The legislation touted as a bipartisan, ground-up collaboration from the Mountain Accord planning process would designate about 80,000 acres of Forest Service land to protect swaths of scenic ridgelines and allow ski resorts to own more land in their base areas. Backers say the bill would safeguard drinking water for the burgeoning Wasatch Front and preserve recreational opportunities and access, while helping to accommodate population growth.
"Utah once again leads the way in demonstrating the power of a collaborative approach to local problems," Chaffetz, R-Utah, said in a statement, noting that various parties who may not often agree sat down to work out a solution. "This bill will guide our growth and preservation efforts for decades to come."
Chaffetz's office said the proposal, being introduced as Congress heads into summer break, came courtesy of consensus of local officials, state lawmakers and Gov. Gary Herbert's office as well as recreational interests, private businesses, environmental organizations and residents.
"There has been a lot of interest between recreational interests, environmental interests, ski resort interests, watershed," said Carl Fisher, executive director of Save Our Canyons, "and I think we've struck a good balance between everything."
He said the compromises were necessary to create the bill but noted that's how collaboration works.
"Going into this, we would have hoped it would have been more of a silver bullet for a lot of the initiatives we've been dealing with over the years," Fisher said. "In the end, I think this is really, really a huge step for conservation of the Wasatch Mountains."
Salt Lake County Mayor Ben McAdams, a Democrat, said the measure enjoys "really broad-based support" and called it a "major milestone" in the four-year process of looking at approaches to preserving and improving the central Wasatch Mountains.
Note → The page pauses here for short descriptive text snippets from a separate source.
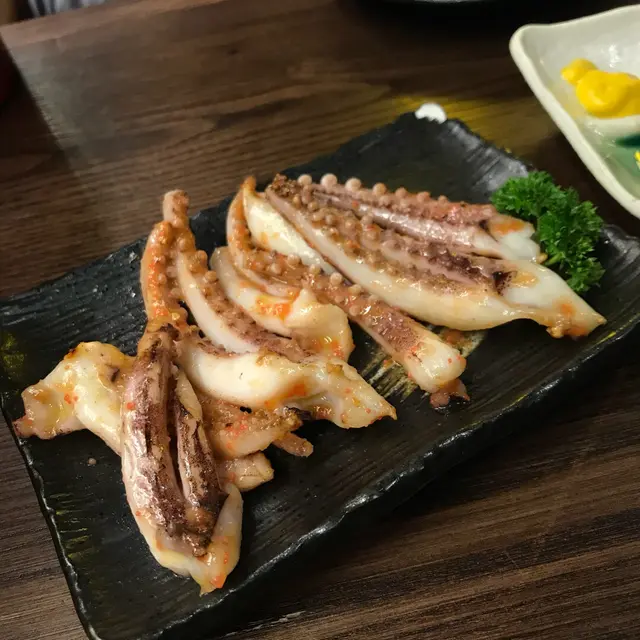 明太子牛油燒魷魚鬚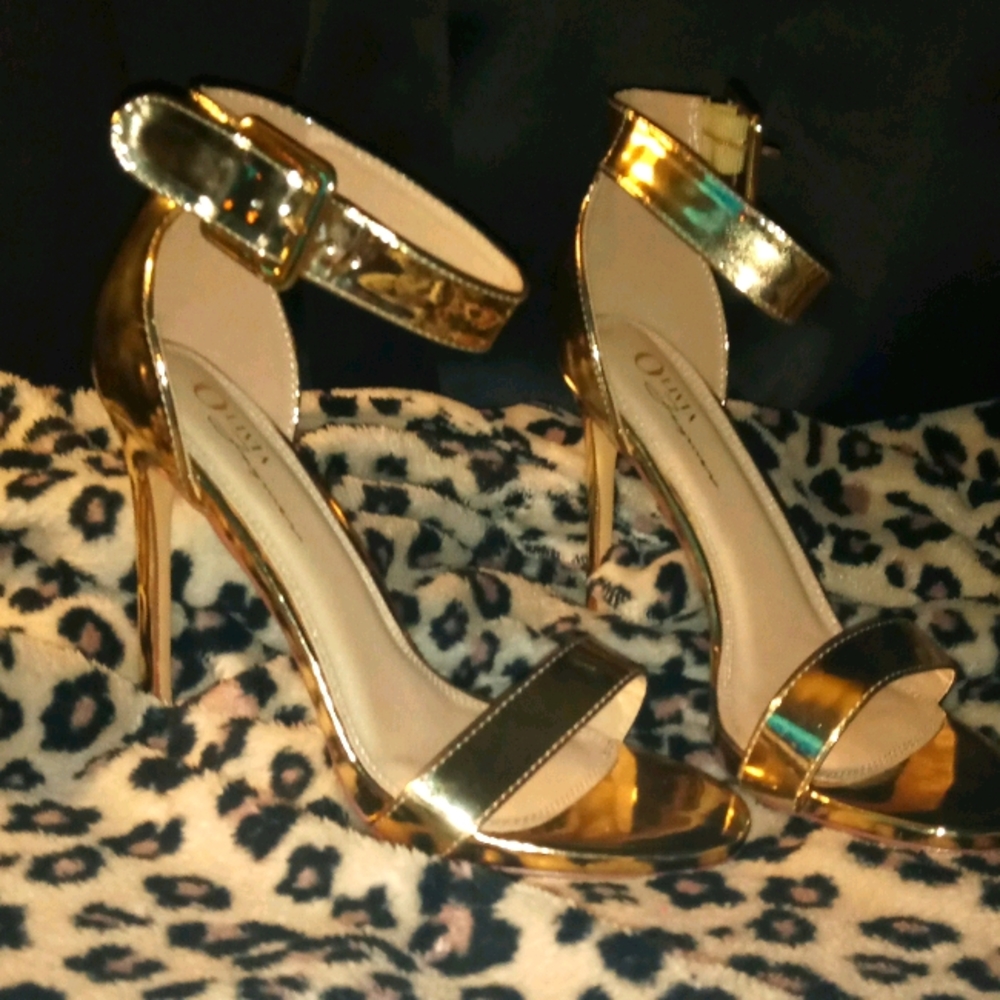 4.75" gold ankle strap heel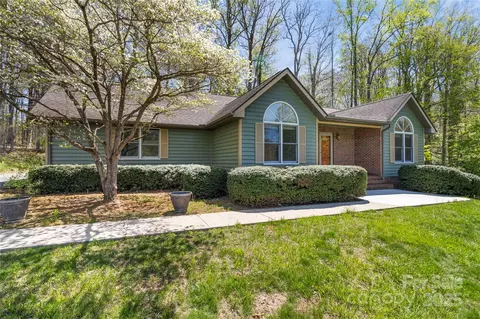 151 Canaan Dr, Candler, NC 28715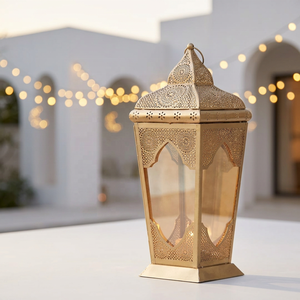 Lanterne à bougie marocaine en métal doré avec verre doré pour la décoration du Ramadan, pour la maison et les événements - Product Image 1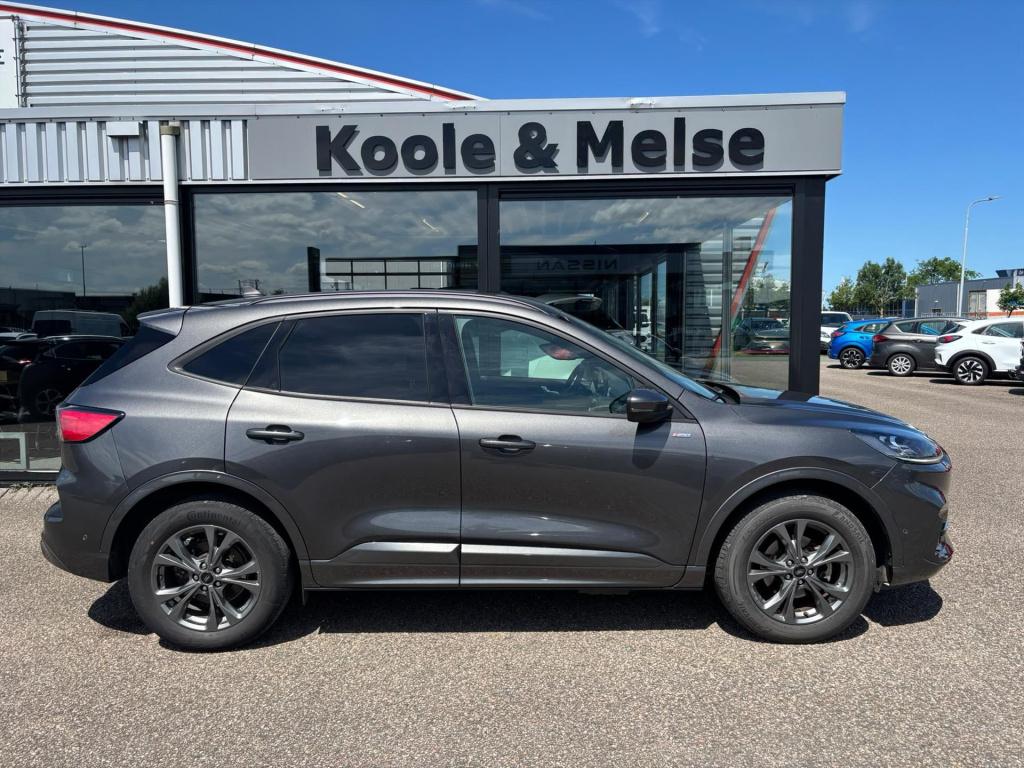 Ford Kuga phev 225pk st-line x,winterpakket , carplay , adaptive cc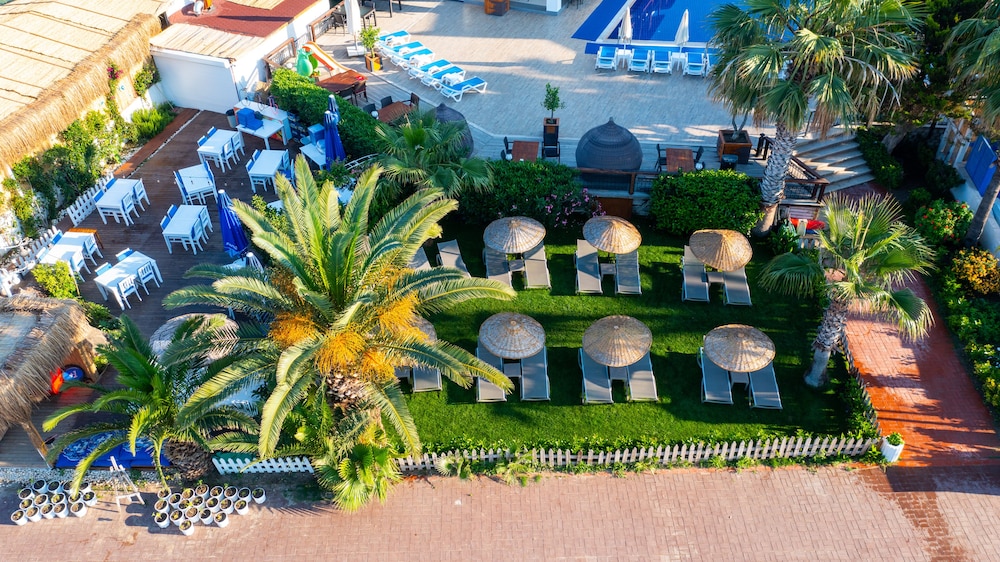 Costa Bitezhan Hotel 67/73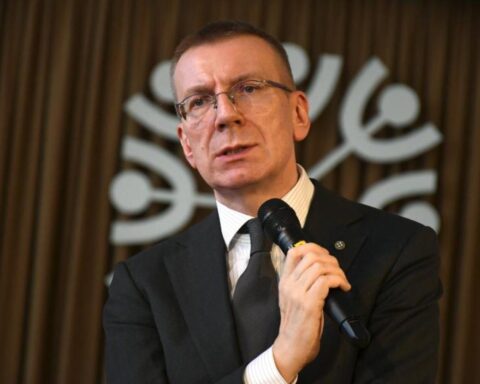 Президент примет участие в XVI Празднике песни и танца в Торонто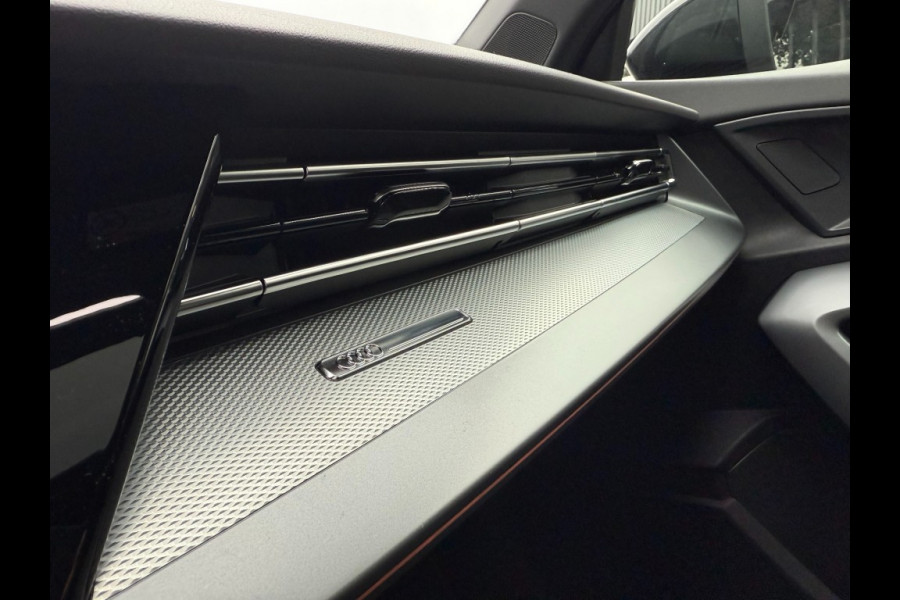 Audi A3 Sportback 45Tfsi e 3xS-line 272 pk 19 inch Competition vol leer matrix panorama dak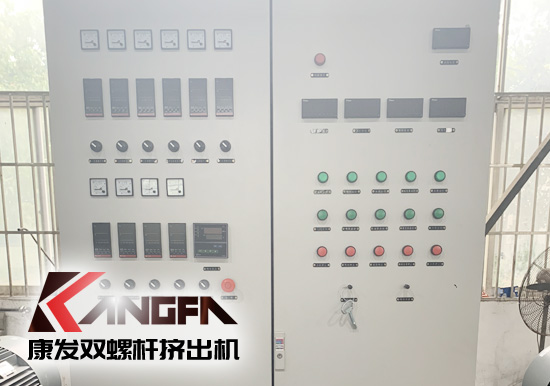 使用雙螺桿擠出機(jī)機(jī)械設(shè)備應(yīng)嚴(yán)格參照使用說明書要求使用，務(wù)必切記電源等安全問題，如果使用過程中還有其他問題，歡迎隨時(shí)撥打康發(fā)雙螺桿擠出機(jī)廠家服務(wù)電話13905153410，謝謝！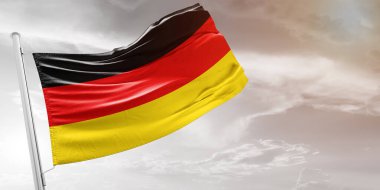 Almanya ulusal bayrak kumaşı güzel açık gri arka planda dalgalanıyor.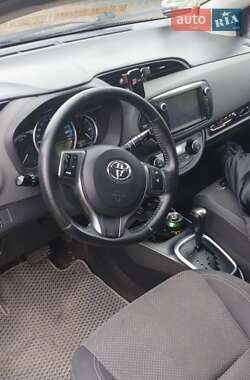 Хэтчбек Toyota Yaris 2014 в Житомире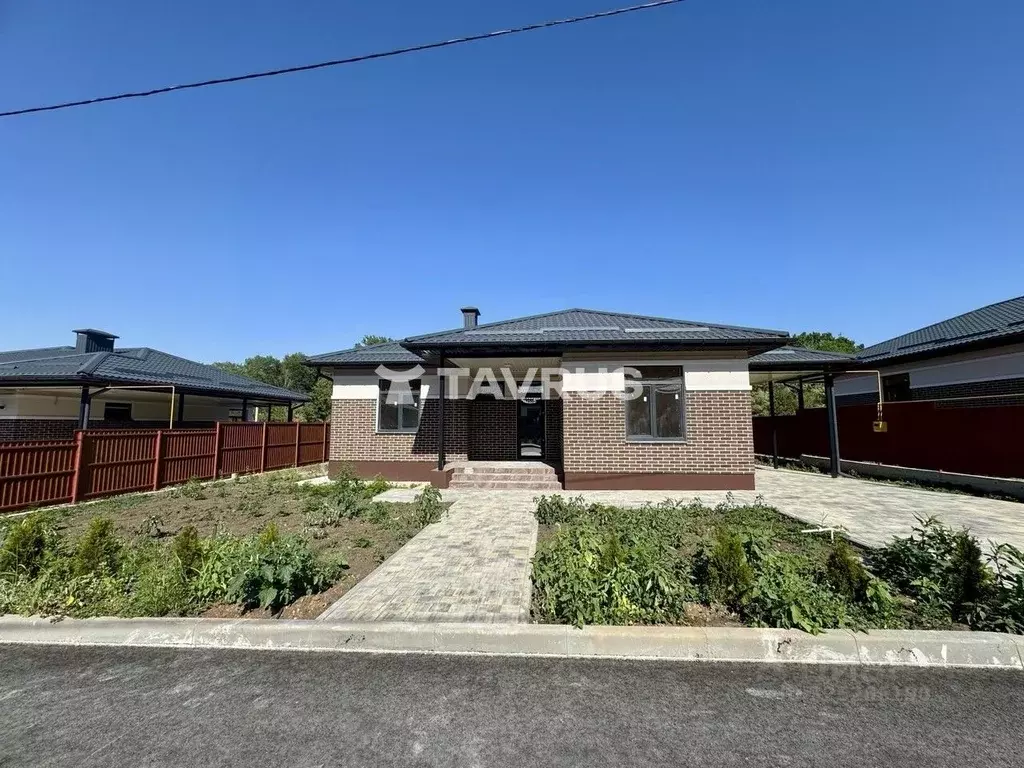 Дом в Крым, Симферопольский район, Добровское с/пос, с. Краснолесье  ... - Фото 1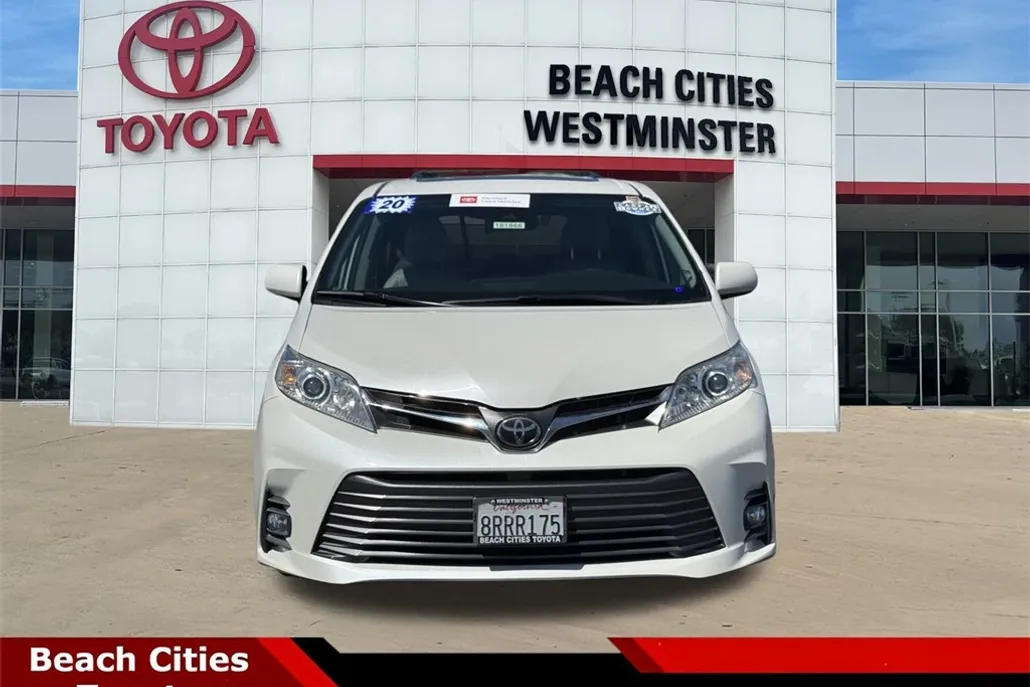 2020 Toyota Sienna XLE photo 1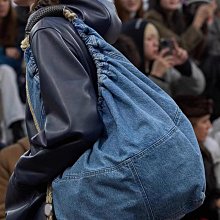 夏季垃圾袋包包女2023新款潮時尚鏈條託特包百搭大容量單肩斜挎包 歷史價格詳細信息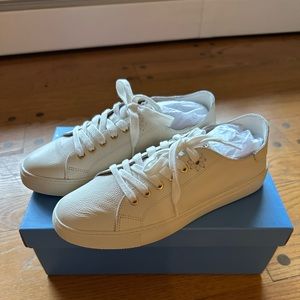 NWT Jack Rogers Rory Sneakers size 8.5 brand new never worn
"We know in this process that nobody can get 100 percent of what they want, but I believe what we've proposed, in the end, is a balance," McAdams said. "It's good for the environment, good for our watershed, good for hikers and mountain bikers and good for the ski industry and will help us improve transportation access."
McAdams framed the bill's introduction as just a start of the overall Mountain Accord planning but said it was a good one.
"There are still issues to be addressed in transportation, trail and recreation access in the canyons," he said, "but this federal legislation is a major piece of what needs to happen."
The measure, Chaffetz's office says, will:
• Continue all existing recreational uses and permits in the area.
• Adjust existing Wilderness Area boundaries of the Bonneville Shoreline Trail to accommodate transportation upgrades.
• Add about 8,000 acres of new wilderness.
• Authorize land exchanges between the Forest Service and ski resorts in Big and Little Cottonwood canyons.
• Bar new roads for vehicles on Forest Service land.
Monday's bill unveiling is one of two planned this week about Utah public lands. Chaffetz and fellow Utah Republican Rep. Rob Bishop say they will reveal by Friday their Public Lands Initiative to preserve and manage the Bears Ears region of southeastern Utah.